- Required work
Copy nothing but the lines from the one containing "vidaXL Apothecary cabinet" through the last line of the records, repeated exactly and without pictures.

(Captioned web images)
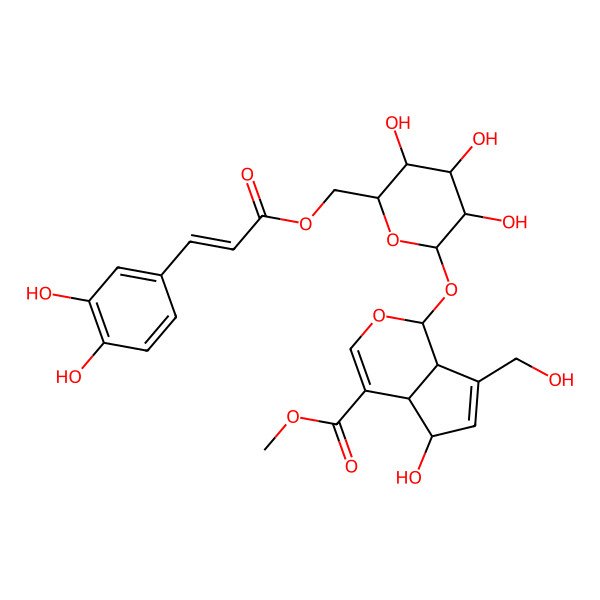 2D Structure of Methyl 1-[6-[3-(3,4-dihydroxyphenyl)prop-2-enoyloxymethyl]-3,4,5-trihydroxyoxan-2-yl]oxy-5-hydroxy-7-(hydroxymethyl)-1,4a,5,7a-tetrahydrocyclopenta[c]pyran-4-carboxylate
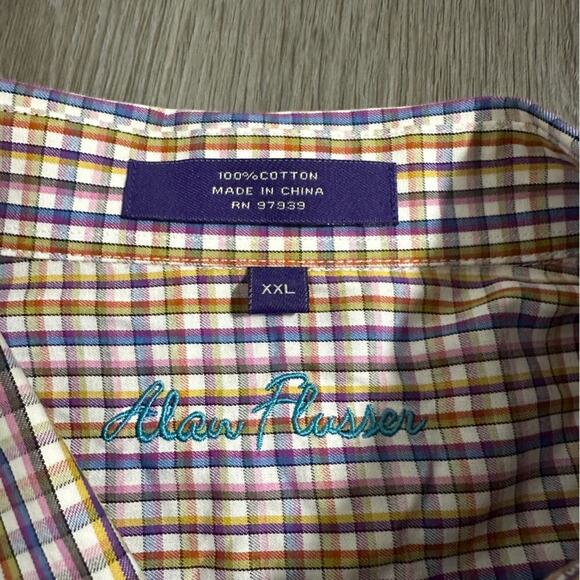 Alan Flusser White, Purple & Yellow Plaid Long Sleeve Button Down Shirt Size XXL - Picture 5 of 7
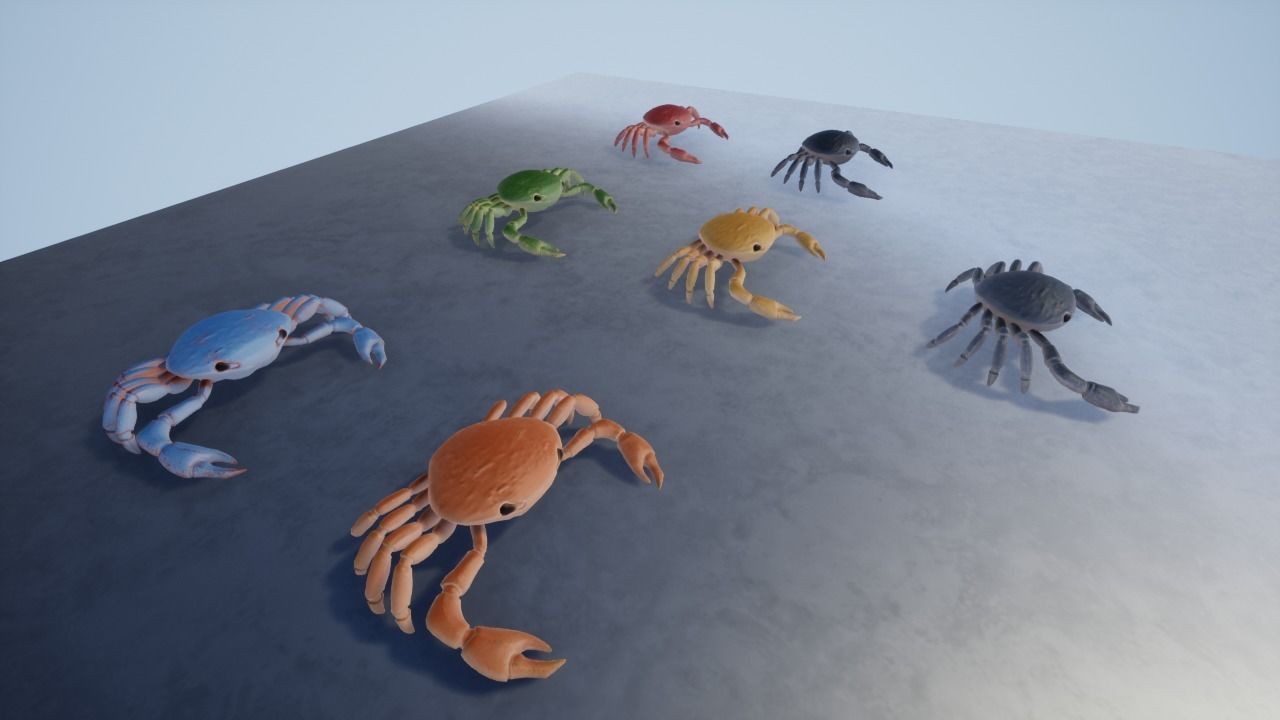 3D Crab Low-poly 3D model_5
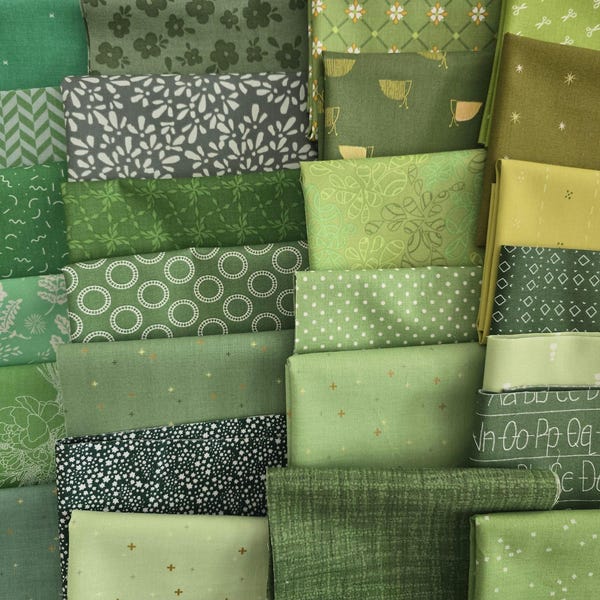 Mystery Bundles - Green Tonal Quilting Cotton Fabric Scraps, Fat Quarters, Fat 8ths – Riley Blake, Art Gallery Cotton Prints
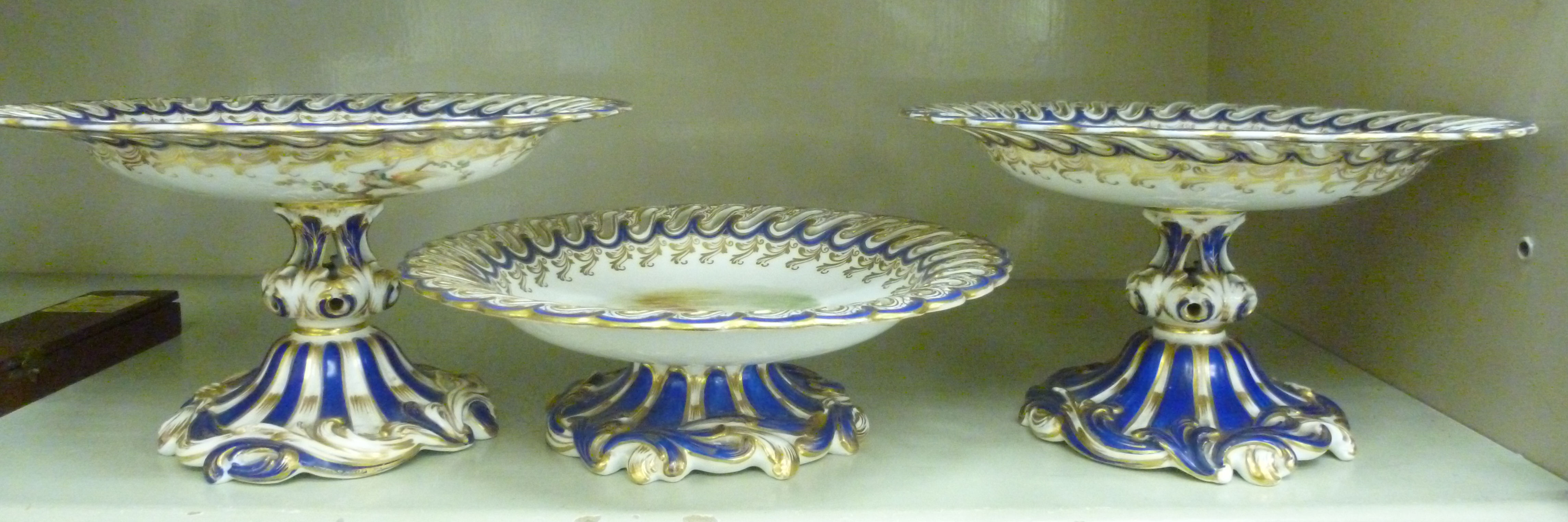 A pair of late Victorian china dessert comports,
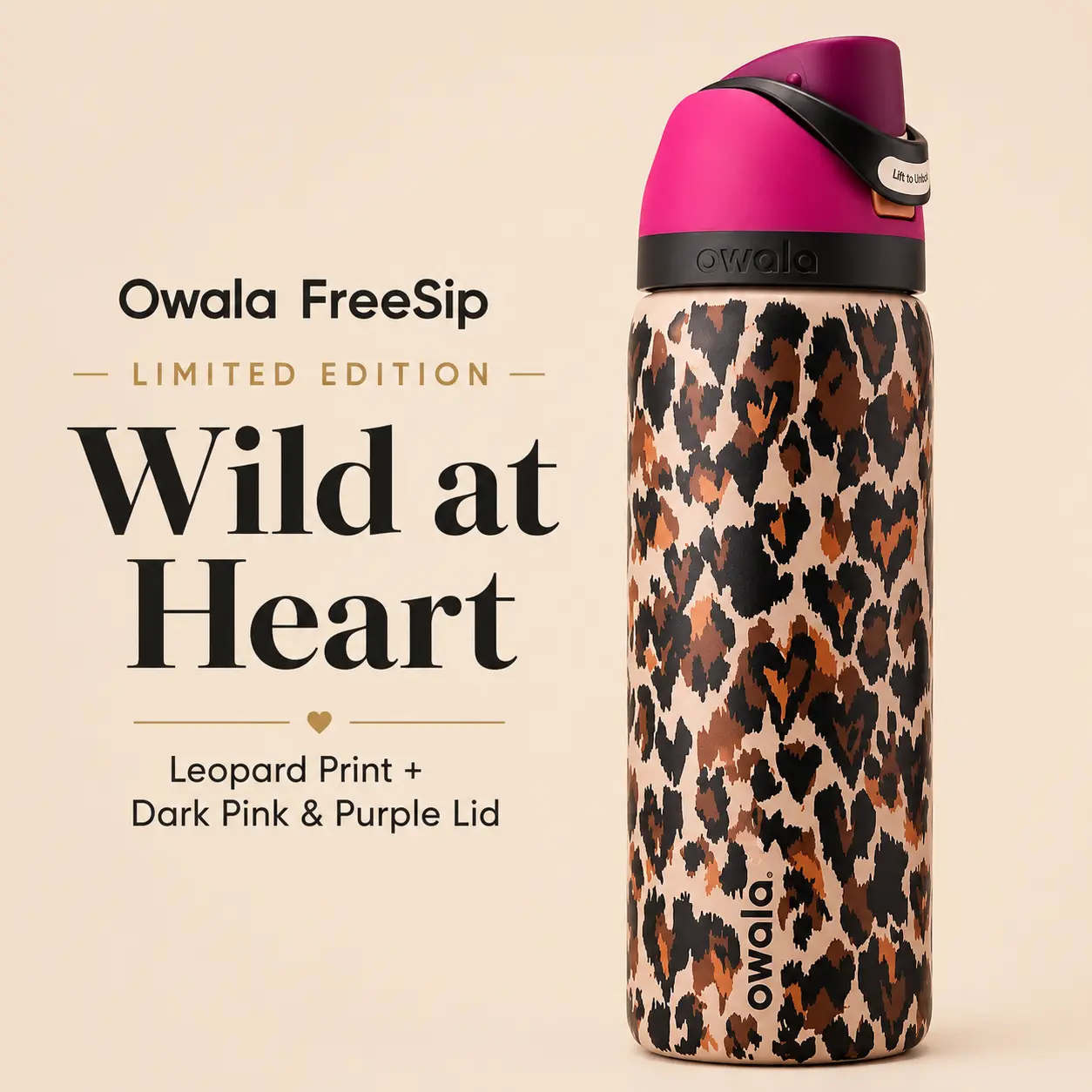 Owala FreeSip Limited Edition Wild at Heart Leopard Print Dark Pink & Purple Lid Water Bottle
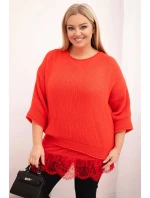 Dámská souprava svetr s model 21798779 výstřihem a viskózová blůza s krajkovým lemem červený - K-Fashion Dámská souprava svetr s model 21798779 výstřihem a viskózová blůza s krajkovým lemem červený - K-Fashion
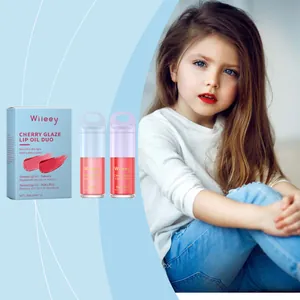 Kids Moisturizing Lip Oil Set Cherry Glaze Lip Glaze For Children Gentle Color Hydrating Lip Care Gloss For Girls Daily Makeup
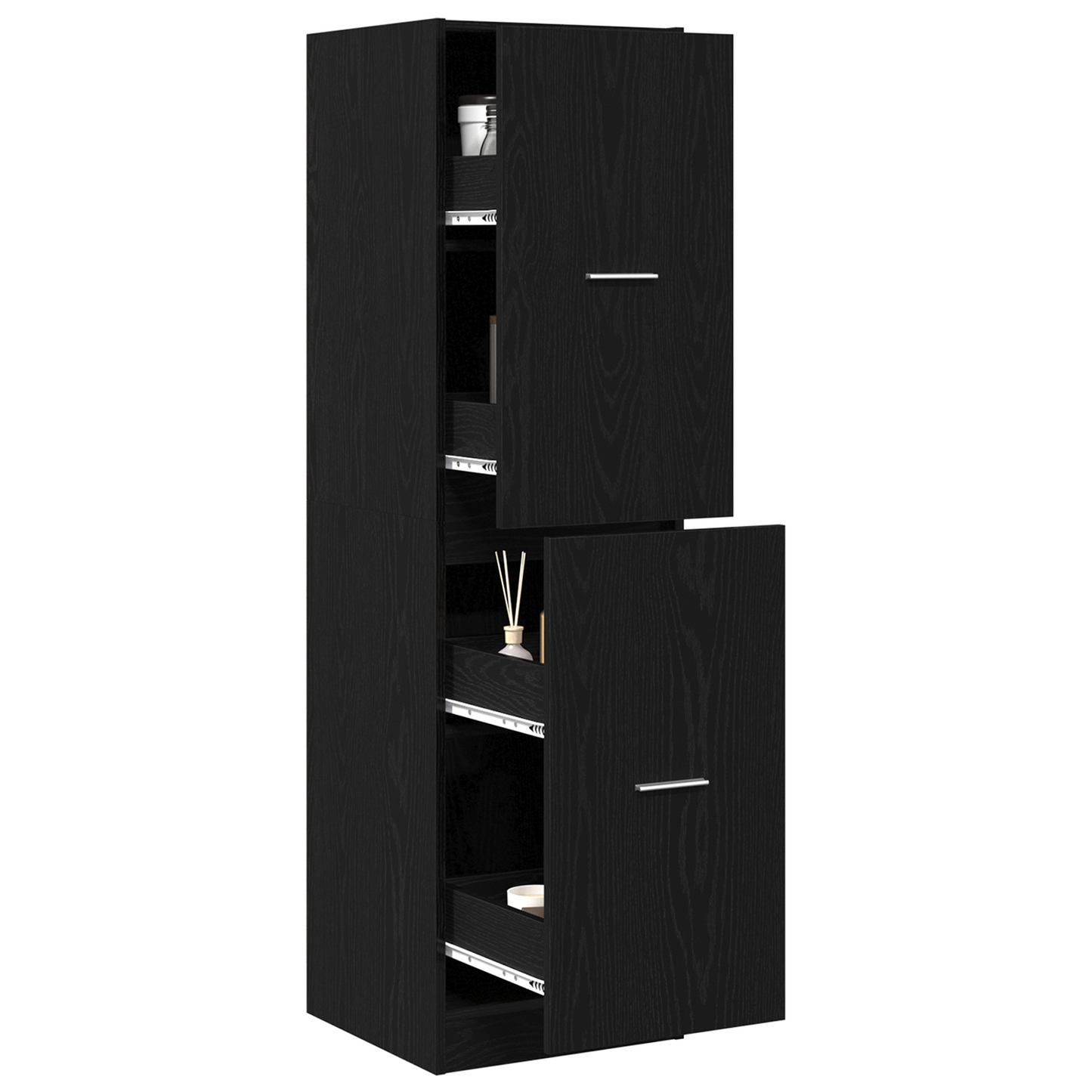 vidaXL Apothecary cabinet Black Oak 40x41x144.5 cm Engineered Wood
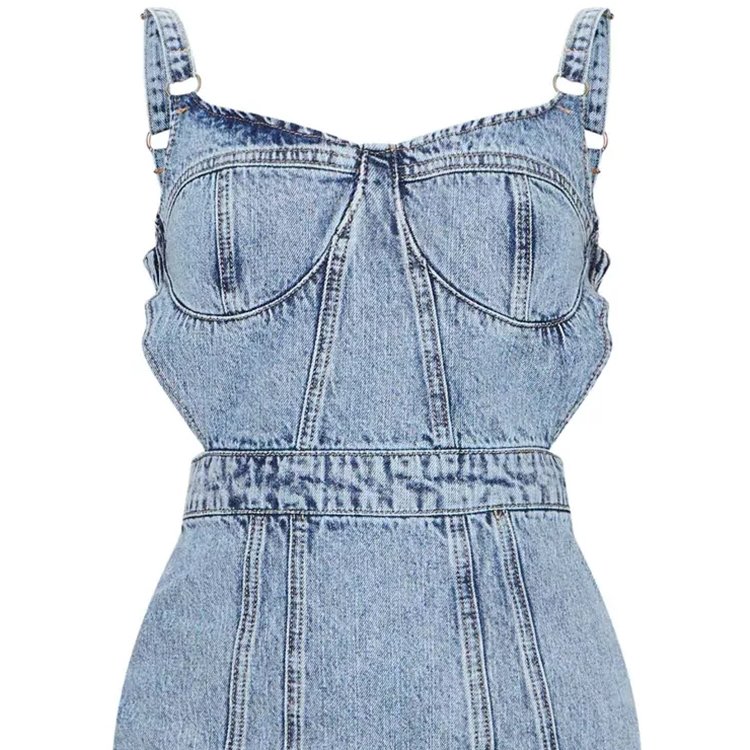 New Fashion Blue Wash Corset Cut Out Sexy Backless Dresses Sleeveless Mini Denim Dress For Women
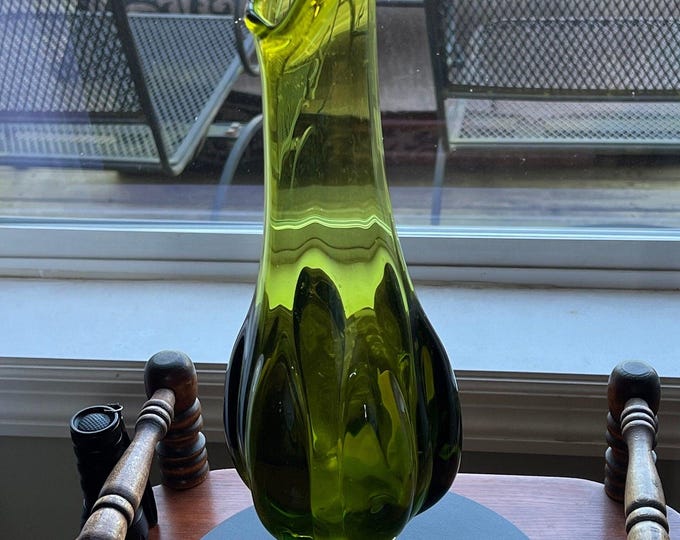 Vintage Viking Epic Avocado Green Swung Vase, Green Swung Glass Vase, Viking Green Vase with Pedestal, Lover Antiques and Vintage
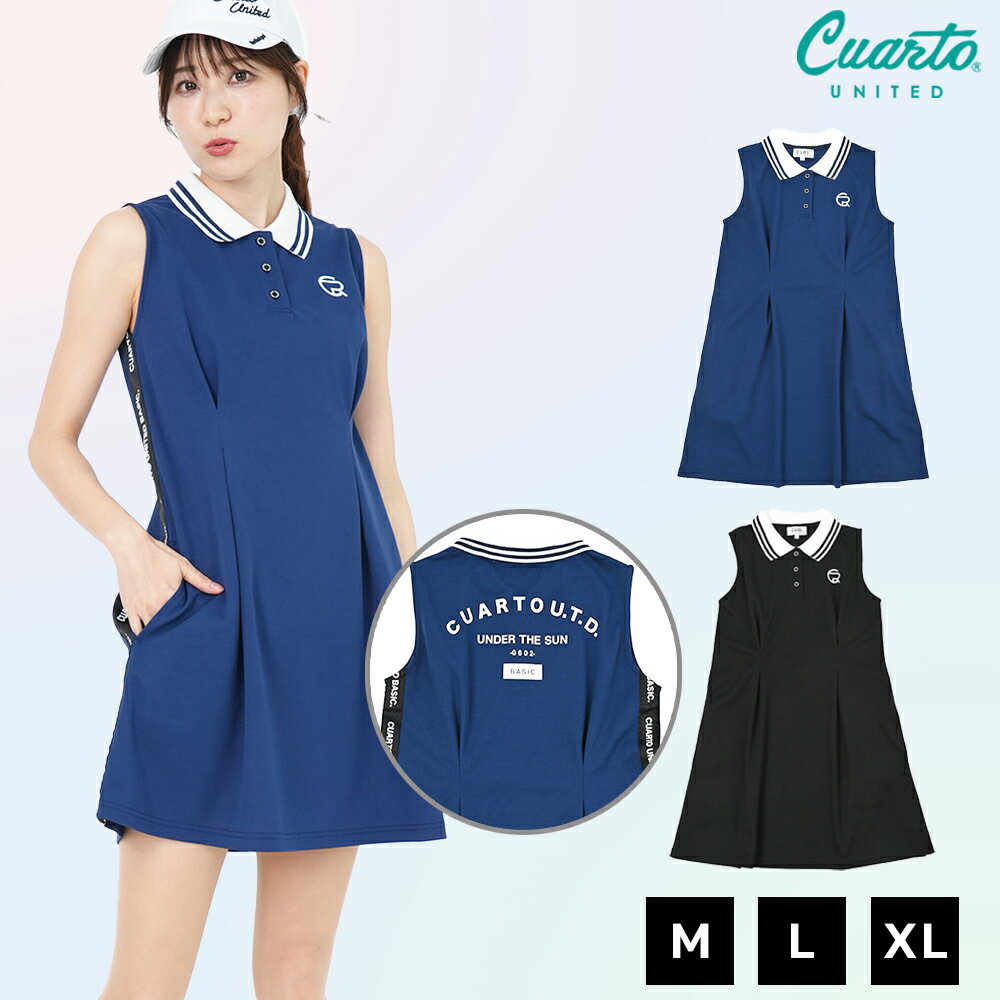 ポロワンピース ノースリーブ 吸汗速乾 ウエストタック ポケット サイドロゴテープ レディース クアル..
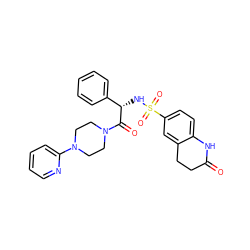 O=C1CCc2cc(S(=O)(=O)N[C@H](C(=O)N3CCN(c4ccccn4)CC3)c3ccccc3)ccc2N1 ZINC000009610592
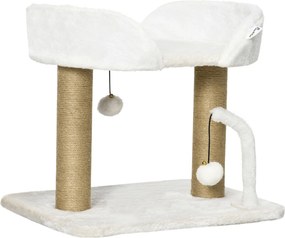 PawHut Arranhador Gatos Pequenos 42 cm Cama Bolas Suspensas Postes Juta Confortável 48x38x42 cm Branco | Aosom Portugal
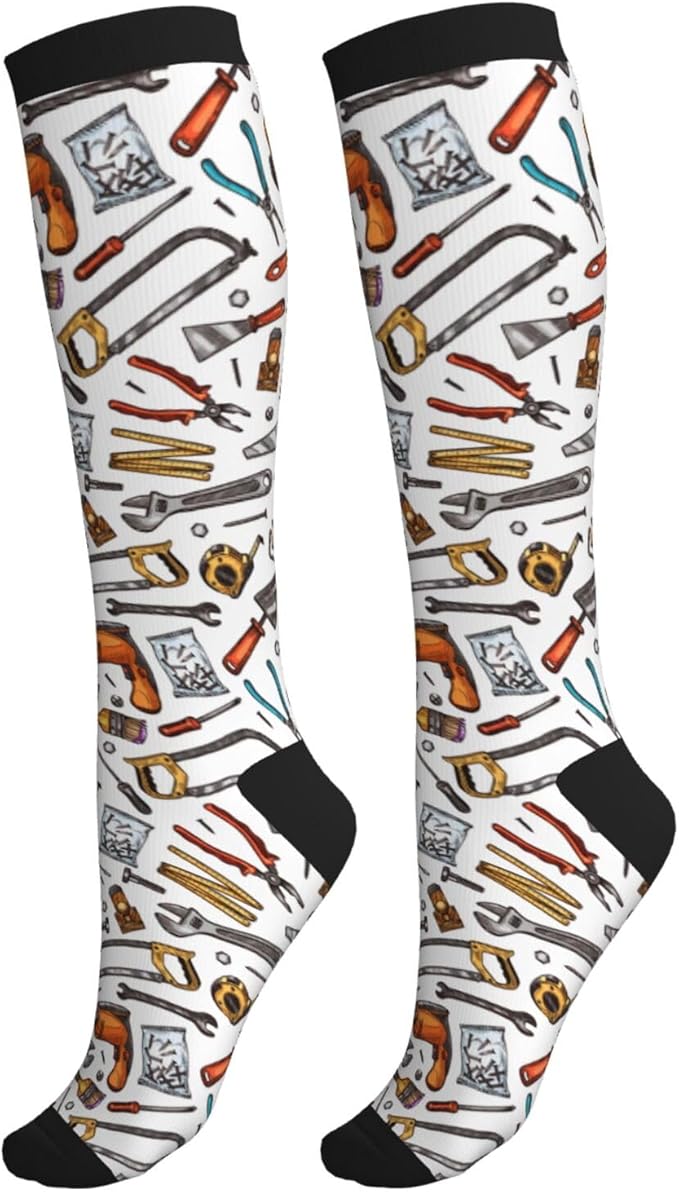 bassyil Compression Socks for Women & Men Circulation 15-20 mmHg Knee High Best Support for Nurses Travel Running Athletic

- Answer space
 vidaXL Apothecary cabinet Black Oak 40x41x144.5 cm Engineered Wood
 New Fashion Blue Wash Corset Cut Out Sexy Backless Dresses Sleeveless Mini Denim Dress For Women
 Vintage Viking Epic Avocado Green Swung Vase, Green Swung Glass Vase, Viking Green Vase with Pedestal, Lover Antiques and Vintage
 ポロワンピース ノースリーブ 吸汗速乾 ウエストタック ポケット サイドロゴテープ レディース クアル..
 O=C1CCc2cc(S(=O)(=O)N[C@H](C(=O)N3CCN(c4ccccn4)CC3)c3ccccc3)ccc2N1 ZINC000009610592
 PawHut Arranhador Gatos Pequenos 42 cm Cama Bolas Suspensas Postes Juta Confortável 48x38x42 cm Branco | Aosom Portugal
 bassyil Compression Socks for Women & Men Circulation 15-20 mmHg Knee High Best Support for Nurses Travel Running Athletic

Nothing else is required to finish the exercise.